— What you have to do —
The needed output is the run of lines below from the one containing "33 Polaski Ave, Chicopee, MA 01013 - Photo 6" through the one containing "Thumbnail: 2024 Toyota Camry - 22", copied exactly and free of pictures.

— Information provided —
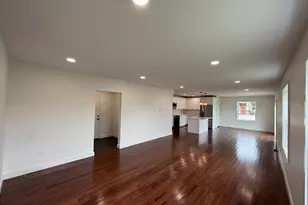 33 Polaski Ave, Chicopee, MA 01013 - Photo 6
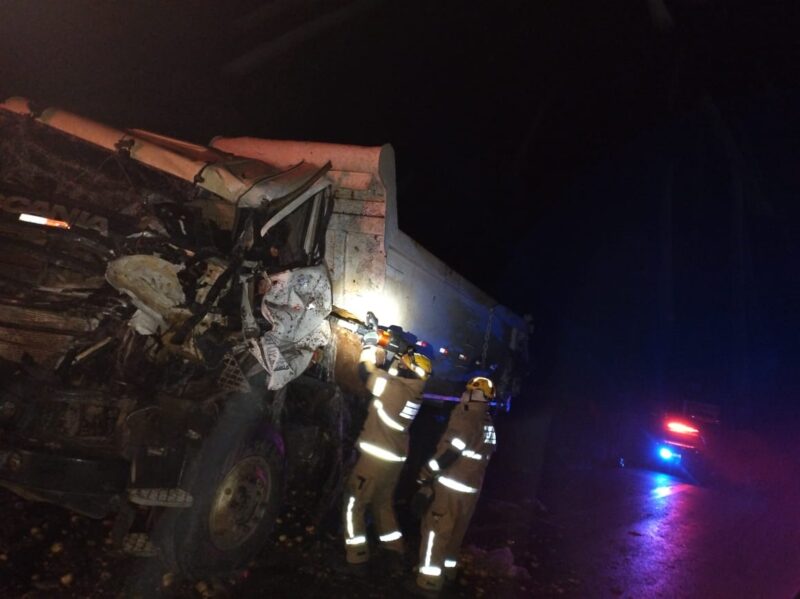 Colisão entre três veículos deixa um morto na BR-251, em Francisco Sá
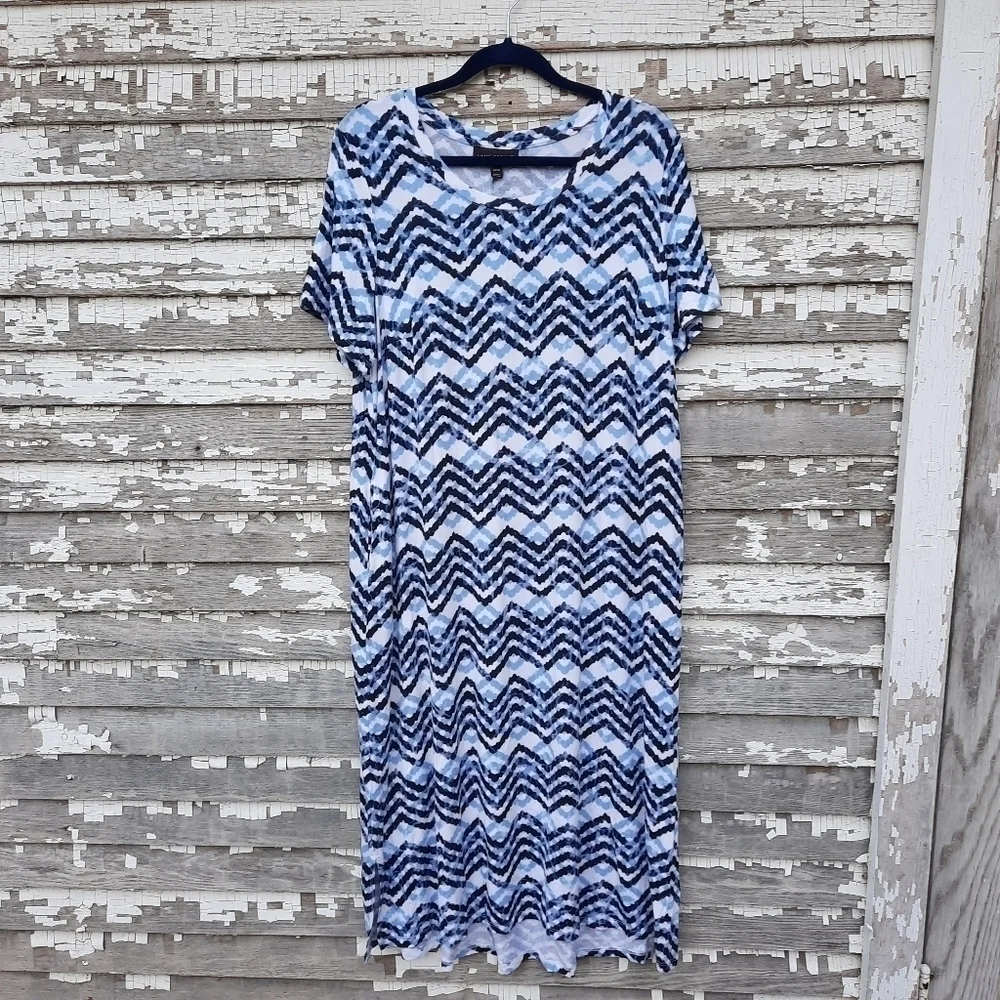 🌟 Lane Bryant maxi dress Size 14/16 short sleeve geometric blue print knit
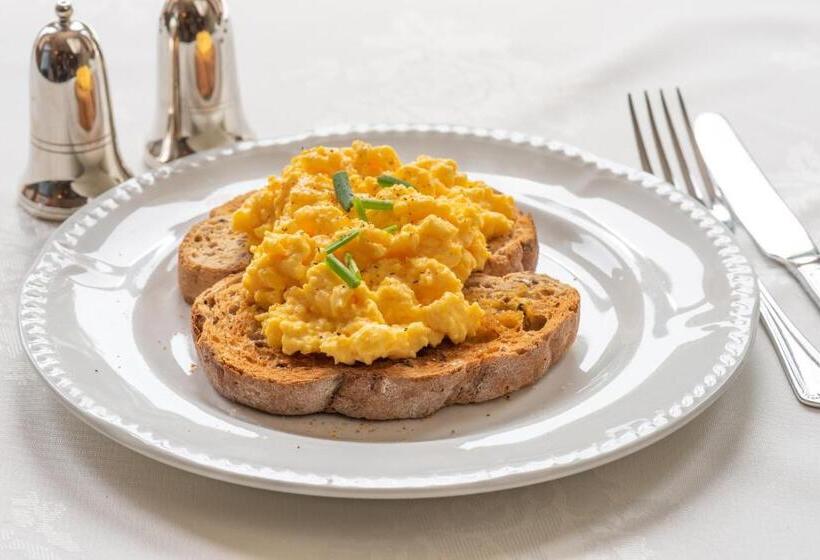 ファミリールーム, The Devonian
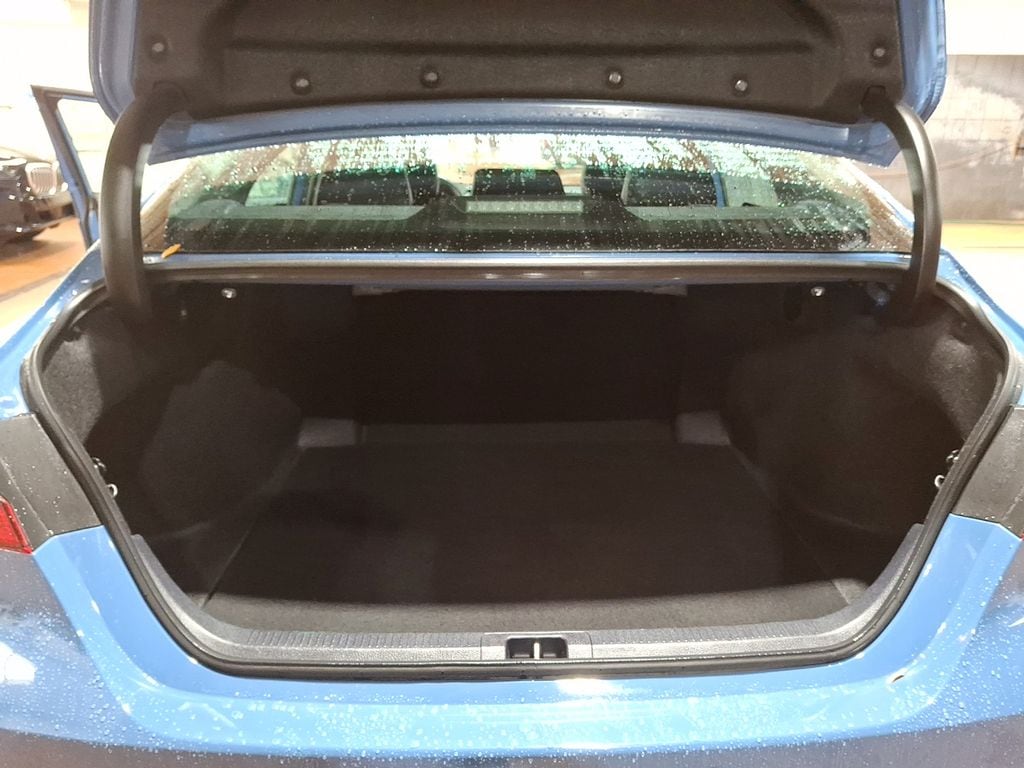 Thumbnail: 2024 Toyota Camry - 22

---

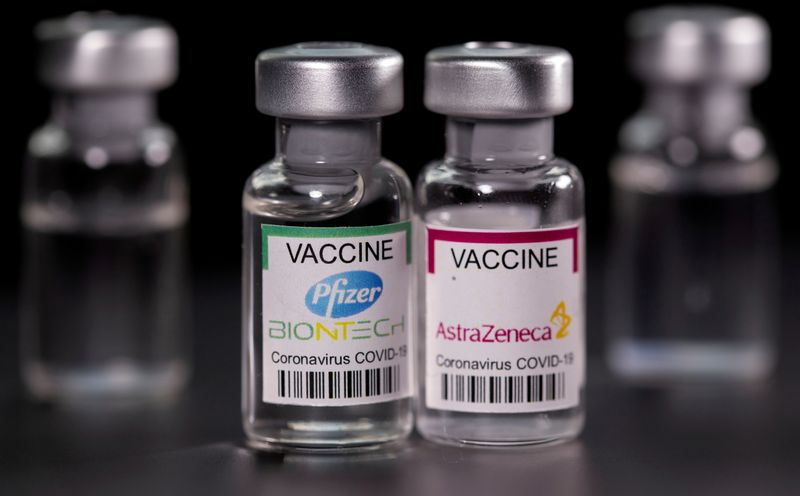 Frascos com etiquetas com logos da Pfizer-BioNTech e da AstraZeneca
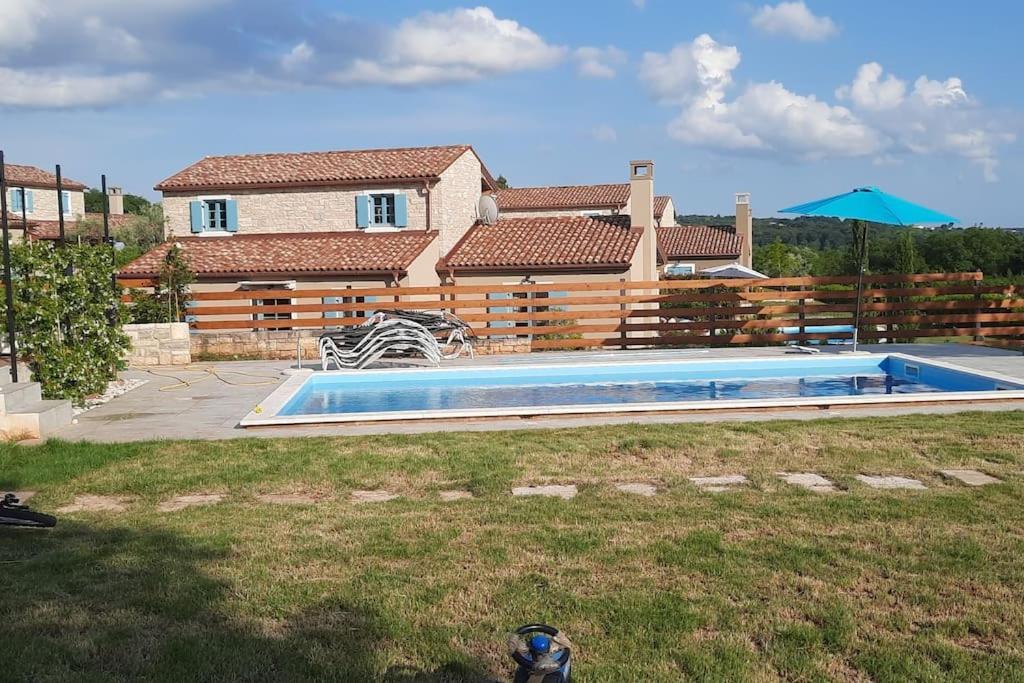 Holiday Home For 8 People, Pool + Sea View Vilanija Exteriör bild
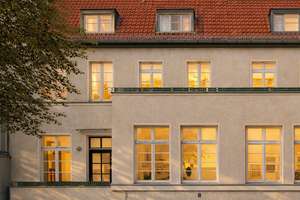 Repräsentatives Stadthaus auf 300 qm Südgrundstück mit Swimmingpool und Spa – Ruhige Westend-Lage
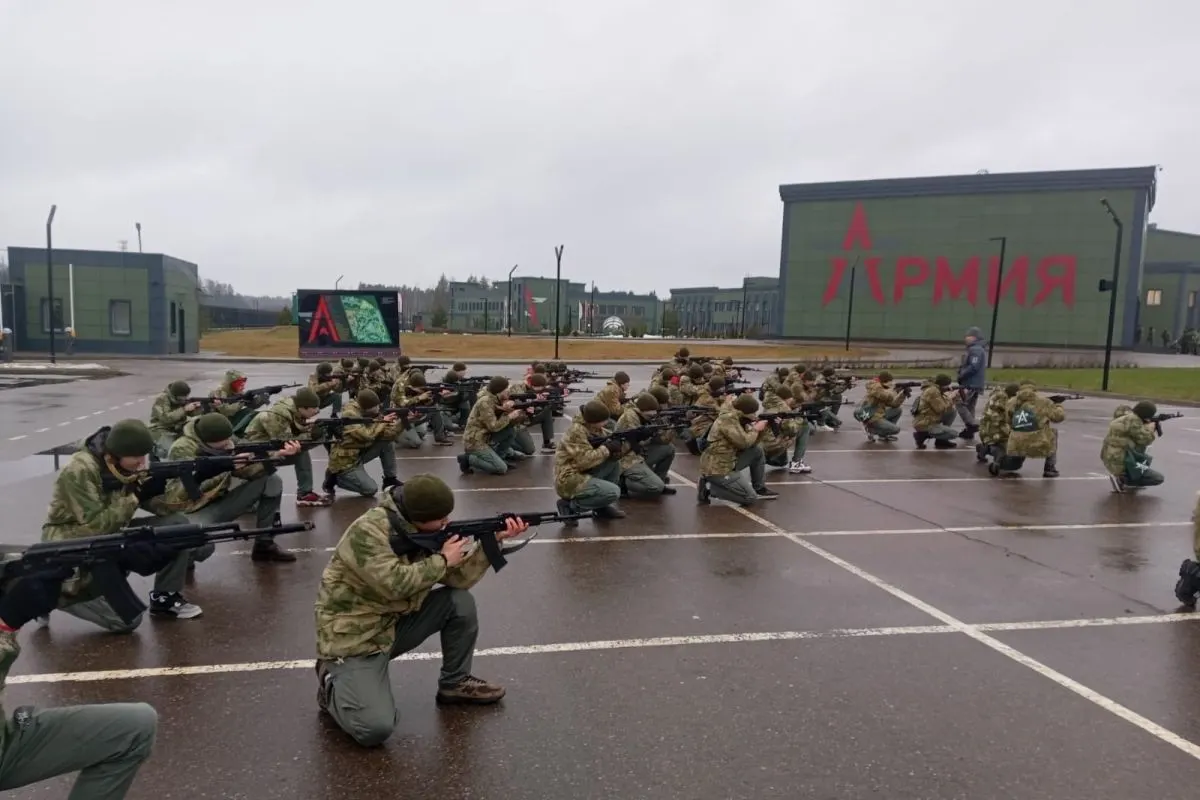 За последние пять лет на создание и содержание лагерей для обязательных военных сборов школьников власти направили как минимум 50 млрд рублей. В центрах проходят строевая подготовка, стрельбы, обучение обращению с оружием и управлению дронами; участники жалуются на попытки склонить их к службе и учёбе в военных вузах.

==

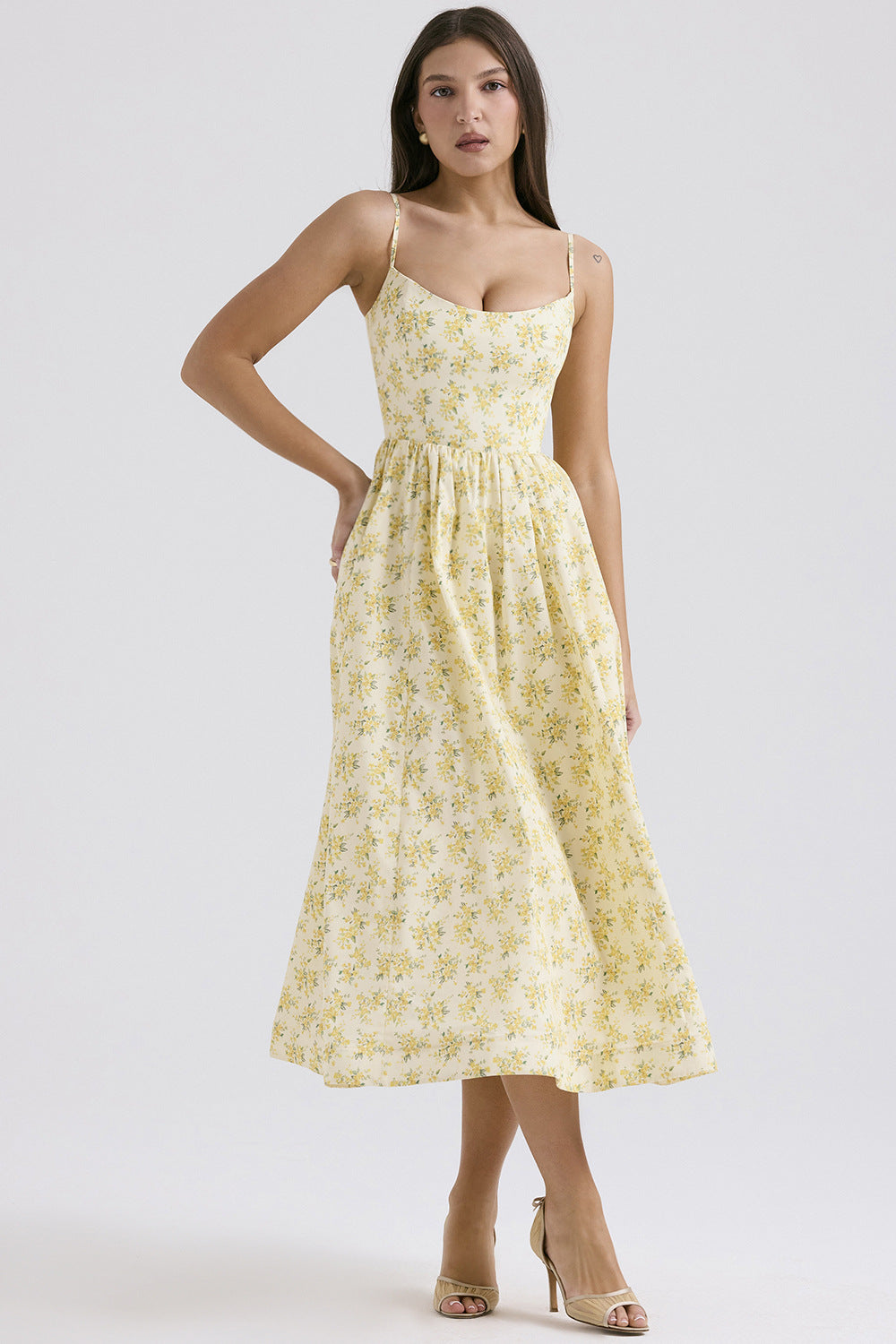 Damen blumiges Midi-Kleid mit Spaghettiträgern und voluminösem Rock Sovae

— Solution below —
 33 Polaski Ave, Chicopee, MA 01013 - Photo 6
 Colisão entre três veículos deixa um morto na BR-251, em Francisco Sá
 🌟 Lane Bryant maxi dress Size 14/16 short sleeve geometric blue print knit
 ファミリールーム, The Devonian
 Thumbnail: 2024 Toyota Camry - 22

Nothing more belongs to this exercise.